== Problem to solve ==
Would you repeat word for word the lines of the listing that follows, from the one with "Caribe Penthouse C1" up to and including the one with "Rainy night background, neon", and leave out the images?

== Data in this exercise ==

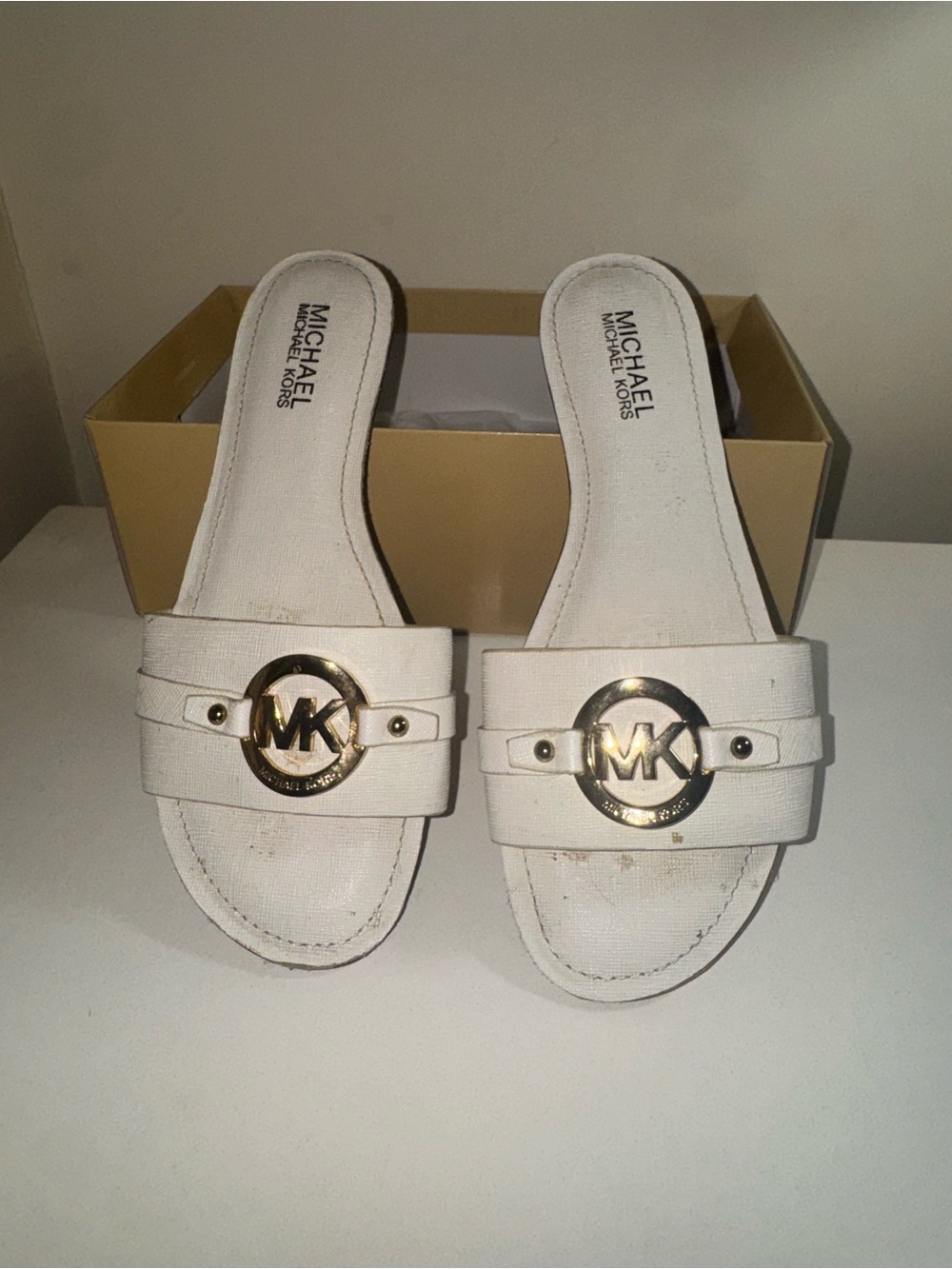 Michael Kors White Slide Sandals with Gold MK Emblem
---
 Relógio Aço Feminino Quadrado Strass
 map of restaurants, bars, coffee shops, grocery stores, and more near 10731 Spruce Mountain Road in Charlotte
...
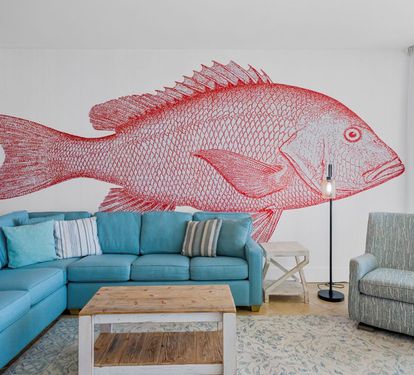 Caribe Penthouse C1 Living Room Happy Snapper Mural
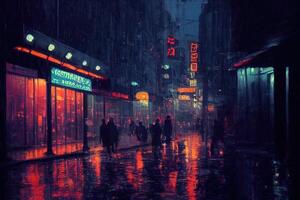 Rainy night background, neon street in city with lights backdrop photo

== Final answer ==
 Caribe Penthouse C1 Living Room Happy Snapper Mural
 Rainy night background, neon street in city with lights backdrop photo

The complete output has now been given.